## Source data
%%

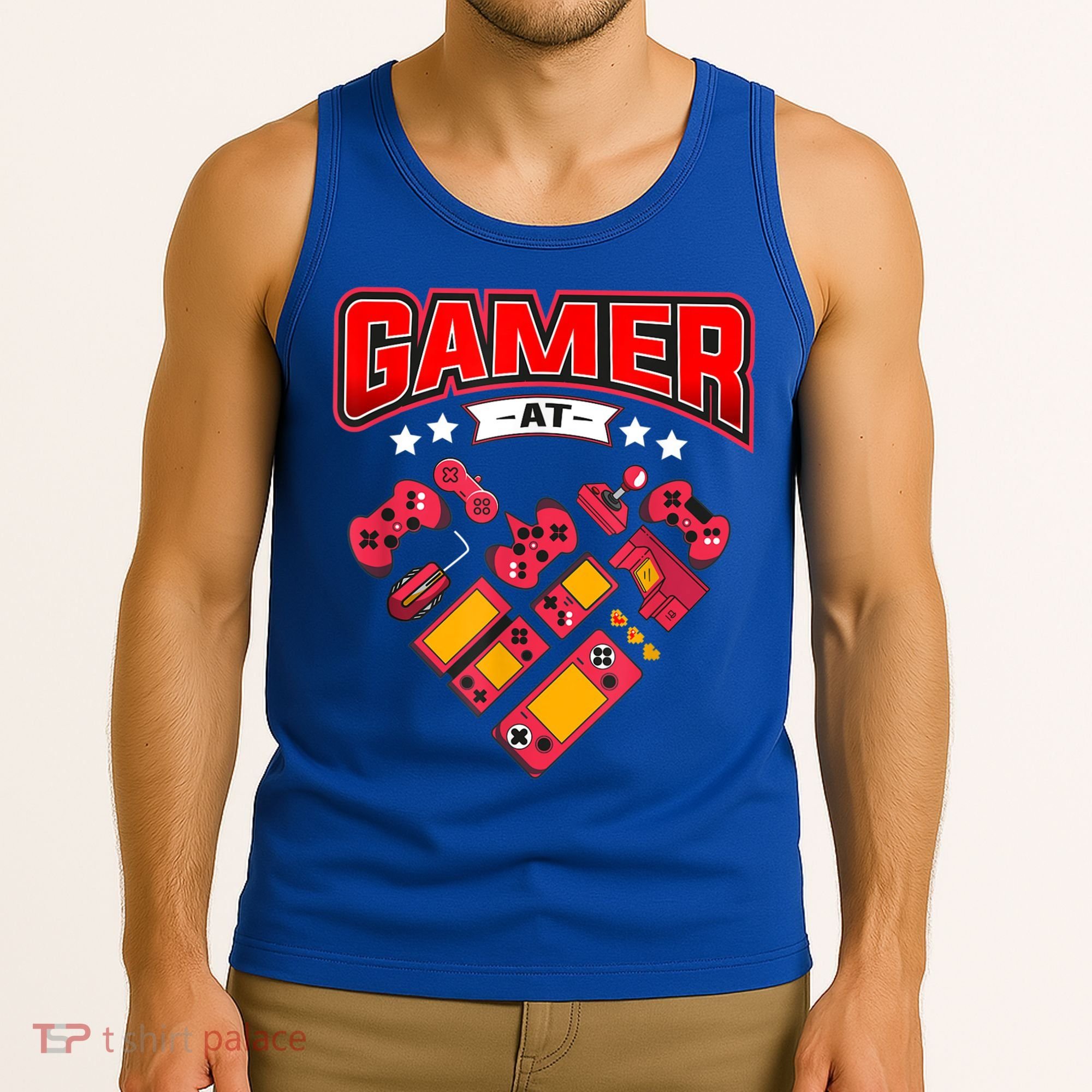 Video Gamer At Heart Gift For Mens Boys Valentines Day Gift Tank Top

%%
%%

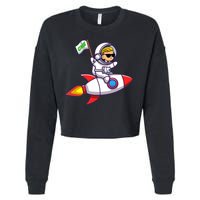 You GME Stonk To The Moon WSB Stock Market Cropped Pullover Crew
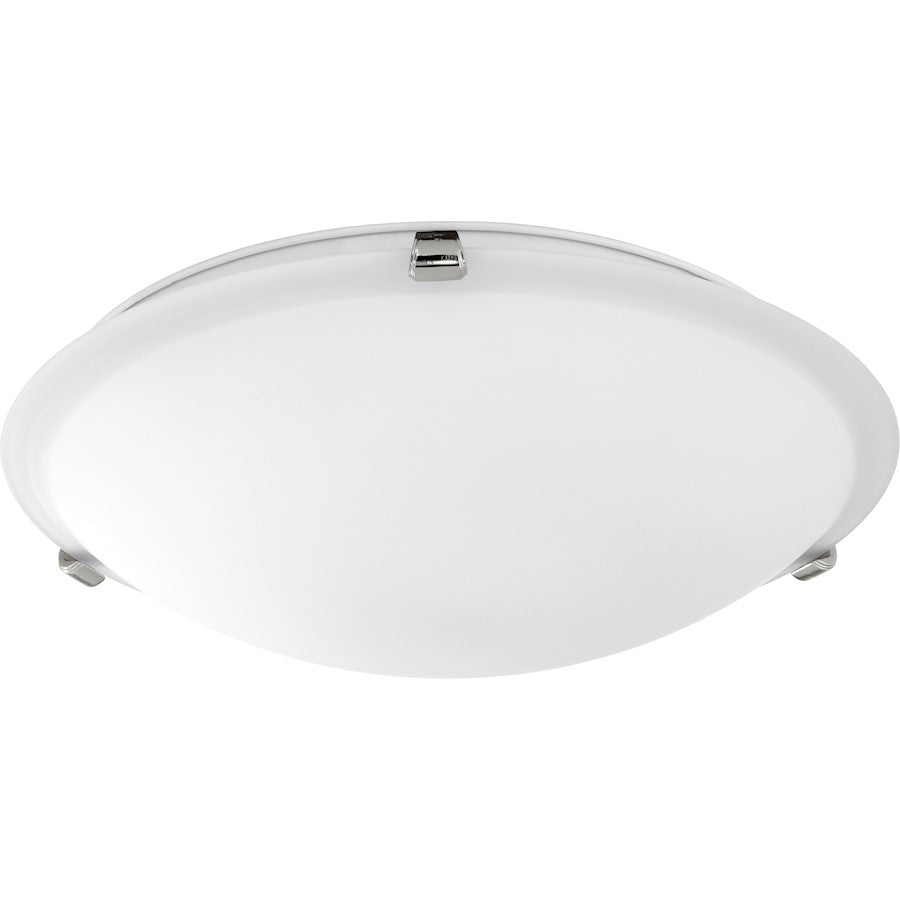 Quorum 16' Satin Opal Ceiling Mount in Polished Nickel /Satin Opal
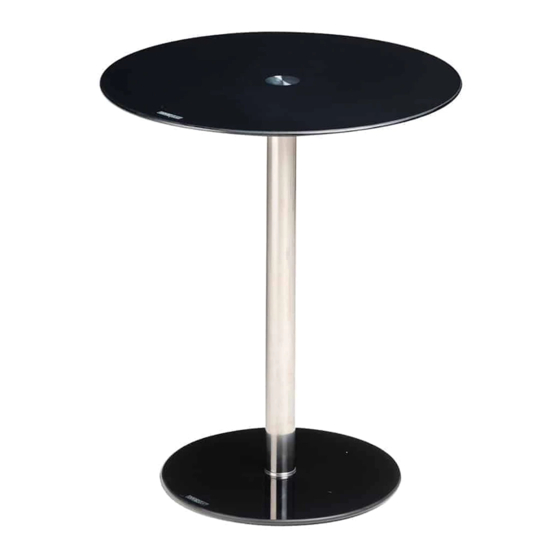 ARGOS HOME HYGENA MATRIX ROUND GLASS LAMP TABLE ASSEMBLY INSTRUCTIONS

%%

Those lines of the records above that run from the one containing "You GME Stonk" through the one containing "ARGOS HOME HYGENA" should be returned exactly, with no pictures among them.

 You GME Stonk To The Moon WSB Stock Market Cropped Pullover Crew
 Quorum 16' Satin Opal Ceiling Mount in Polished Nickel /Satin Opal
 ARGOS HOME HYGENA MATRIX ROUND GLASS LAMP TABLE ASSEMBLY INSTRUCTIONS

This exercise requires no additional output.